18:29 03 avr

MMA : la FFJudo (ré)affirme sa position contre

Jean-Luc Rougé livre ses arguments

Un communiqué de la FF Judo signé de son président réagit ce soir aux propos de la ministre des Sports Roxana Maracineanu qui a évoqué chez nos confrères de RMC la légalisation et l'encadrement du MMA auquel Jean-Luc Rougé est farouchement opposé. 

"La reconnaissance du Mixed Martial Art (MMA) semble redevenir une priorité majeure des médias et semble-t-il pour l’État.

Notre fédération est souvent citée dans les médias et par les divers intervenants sans qu’elle se soit réellement exprimée ou que l’on ait vérifié sa position.
Pour rappel, le MMA est une pratique très minoritaire parmi les 1 300 000 licenciés des sports de combats et arts martiaux en France. Et si l’on parle des compétiteurs, cette pratique est quasi inexistante.

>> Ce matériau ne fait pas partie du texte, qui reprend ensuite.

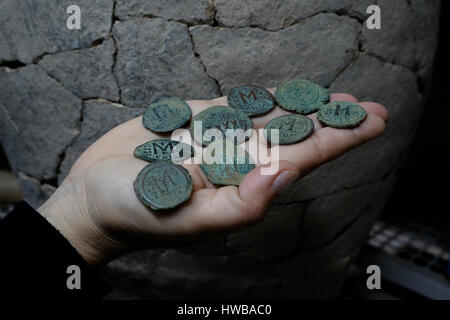 Bet Shemesh, Israel, 19th March: An Israeli archeologist showing s cache of nine bronze coins from the end of the Byzantine period (seventh century CE) at the National Treasures Storerooms of the Israel Antiquities Authority near the city of Bet Shemesh on 19 March 2017. Credit: Eddie Gerald/Alamy Live News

Nous nous prononcerons sur deux points :
1) La législation et les textes réglementaires concernant les activités de combat
C’est parce qu’il existe des règles sportives les encadrant que les combats, en sport, sont autorisés alors qu’ils ne le sont pas en dehors de ce cadre particulier.
Le législateur doit d’abord s’interroger sur ce qui est du sport et ce qui ne l’est pas, ce qui entre dans le champ d’application du sport ou non.
On ne doit pas limiter cette réflexion au MMA uniquement mais on doit y associer certains arts militaires où l’on apprend à tuer et blesser, ainsi que d’autres sports de combat violents et qui pour certains sont enseignés au grand public dans des salles de sport municipales.
L’impact sur l’éducation, la santé et les valeurs de respect des personnes, tant physiquement que moralement, doit être évalué. Les champions sportifs sont des exemples pour la jeunesse, et leurs gestes, actions et attitudes, doivent faire partie de l’éducation par le sport.

2) L’intégration du MMA dans le système sportif français, à la FFJDA
Le MMA loisir ne pose aucun problème et c’est pour cela que l’enquête parlementaire n’a pas vu d’obstacle à sa légalisation. Notre fédération avec quelques ajustements techniques peut tout à fait gérer ces activités avec ses clubs et ses enseignants, et cela très rapidement.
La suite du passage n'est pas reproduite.